Guest Post – Pig’s Head by Oliver Standing

Welcome to the second guest post!  I’m letting anyone who wants to show off an offal dish submit a post with pictures.  Feel like divulging your secret beef heart tartar recipe?  Are you keen on spleen?  Let me know and we’ll post your hard work here!

Having got to the two St John’s cookbooks and being a regular at St John’s Bread and Wine it was time to get into some of the more unusual recipes. I have made the chutney, the poached chicken with aioli and the loin of pork with roast garlic and anchovy sauce. With a great butcher on the way to work who seem to be able to secure most things a pig’s head seemed like a logical next step. It’s not often you can say that.

So I scored the head for a fiver and got a couple of trotters for 50p each.

Half the head was for brawn the other half for a straight up roast. Both recipes are in the St John’s cookbooks though I changed a few bits due to what ingredients I had.


I put him in the sink and gave him a bit of a shave. There was some white stuff incrusted in his ears which I drew out.

I couldn’t believe how small the brain cavity was, I know pigs can’t exactly walk, talk and play cards but it was pretty minute.

Half the head went into a big pot with the trotters, onion, celery, pepper corns, coriander seeds, thyme and water. I cooked this on a lowish heat for about two and a half hours.

When ready I took the head out and stripped the meat off the skull. It was mainly in the cheek area and around the neck.

I chopped some of the fatty flesh from the snout and put that in the mix too, with some finely chopped parsley. The stock I strained and reduced over a strong heat for a good half-hour until it looked thick and gelatinous. I put the chopped meat mixture in an oven dish with salt, pepper and a little slug of red wine vinegar, poured enough of the stock over it and smoothed it all down. It went into the fridge for tomorrow.

Here’s a picture of Oliver’s beautiful brawn. – Ryan


For the other half I first browned some shallots and garlic in some butter in the oven. The head then went in with a couple of glasses of red wine and some water. The recipe asked for stock but I didn’t have any so I put a teaspoon of veg bouillon power in too, with some fresh parsley. This cooked for about two and half hours also.

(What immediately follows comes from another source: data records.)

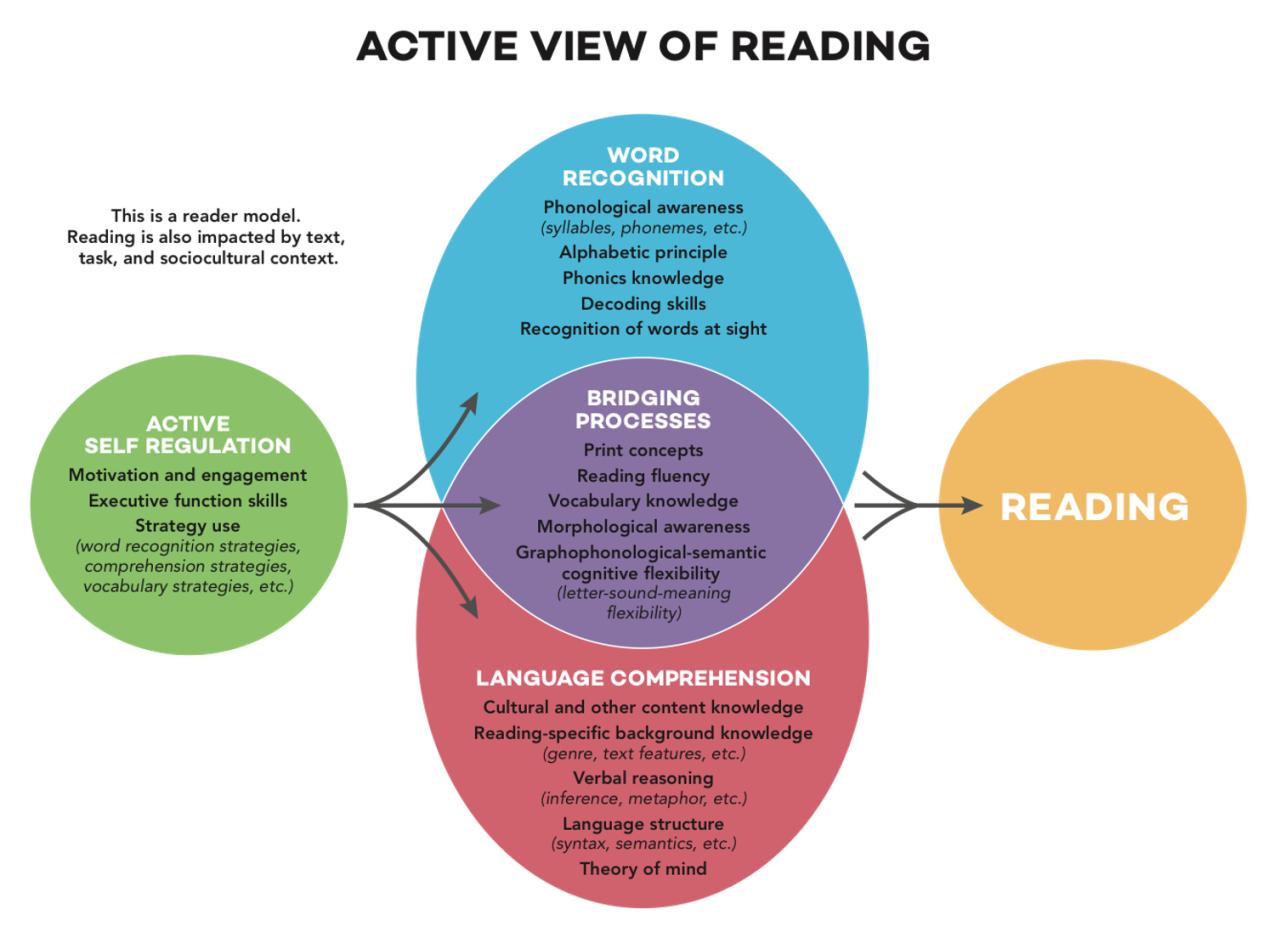 What to know about the science of reading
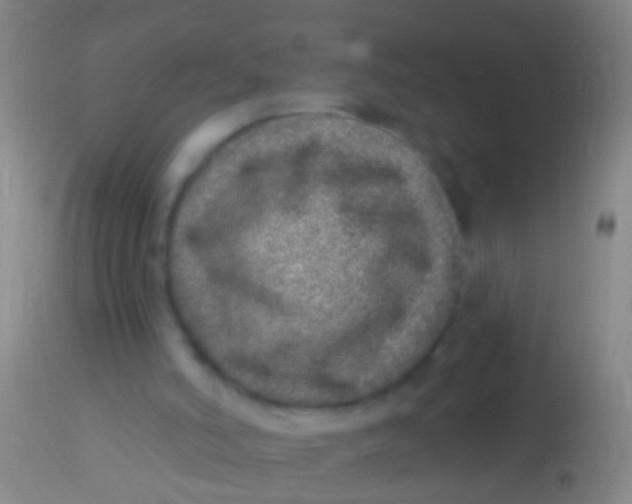 X0000113960006200910162015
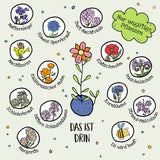 Blumenmurmel Weihnachtsmann - Frohes Fest
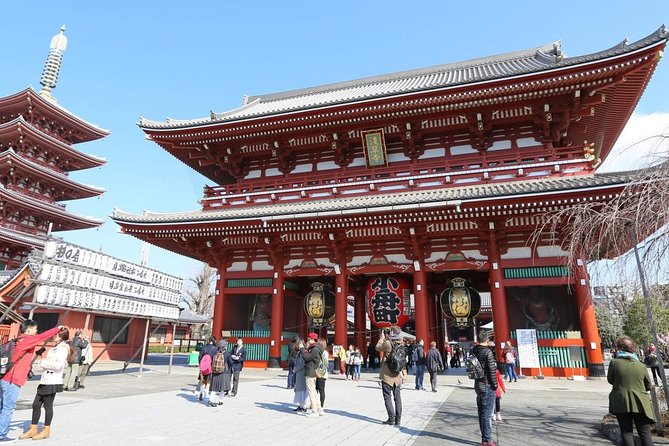 Explore Traditional Tokyo in a Day by Private Car - English-speaking Driver Provided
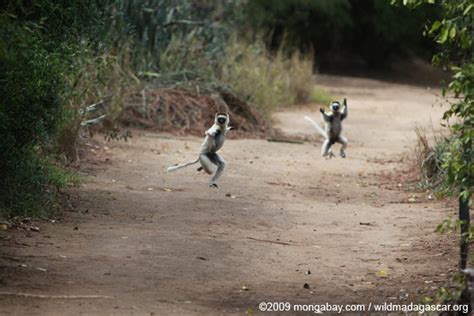 Animal Picture Of The Day Ninja Lemurs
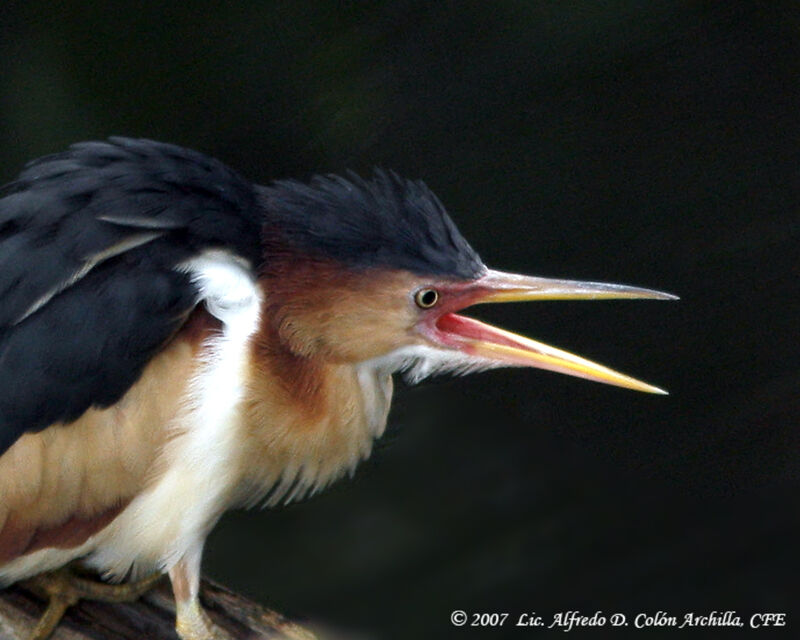 Least Bittern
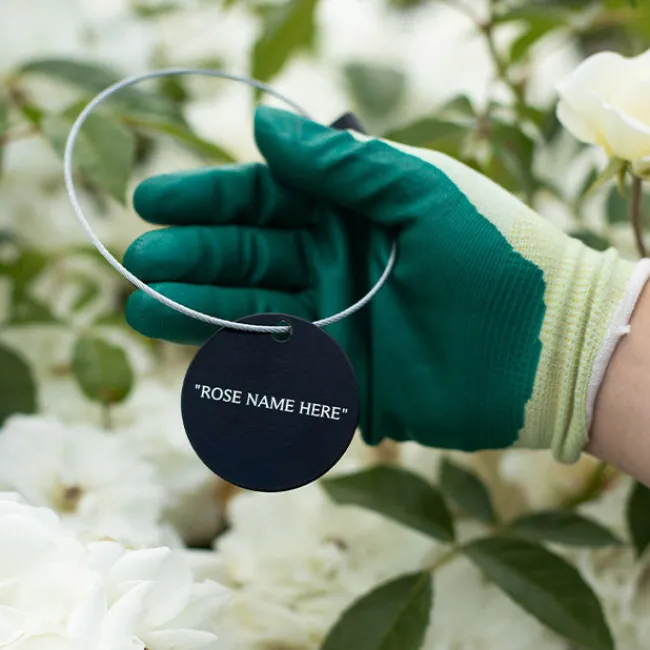 Cosmic Clouds Tag>Heirloom Roses Best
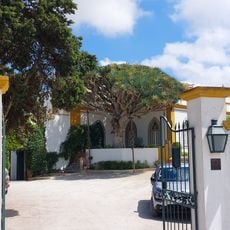 Árvore isolada em Casa do Castelo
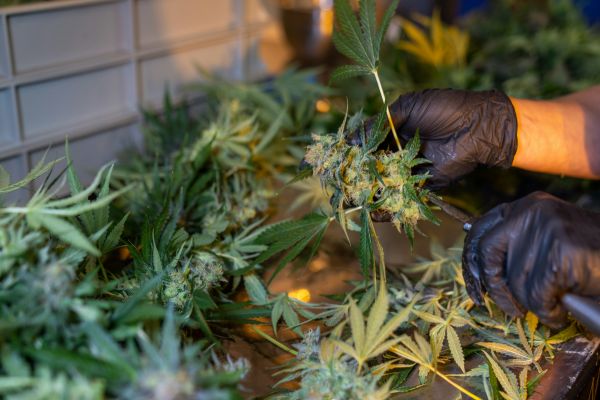 Découvrez les meilleurs grossistes fleurs CBD pour un prix idéal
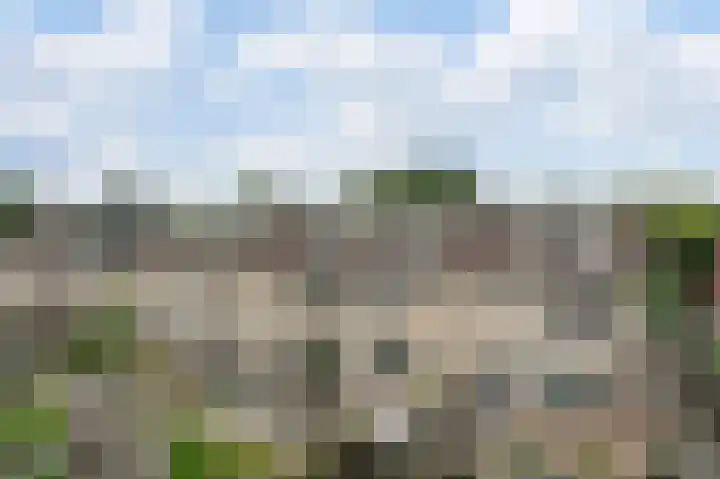 Bloemenschans 65 Voorhout thumbnail 6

When roasted I took the meat out, added some Dijon mustard to the liquid in the cooking tray, by now glossy with fat, and some watercress as directed. I then served it – boiled potatoes with the sauce drizzled over it with the head chopped up at table and lots of effort put into extracting the meat.


So was it worth it? As entertainment yes, as food no. The roast head was so fatty it was overwhelming and there was not much meat to be had. The meat I did get was nice though, rich like pork belly. Really, though, it was a fun bit of theatre in the kitchen and there is nothing wrong with a bit of that to brighten up your Wednesday evening.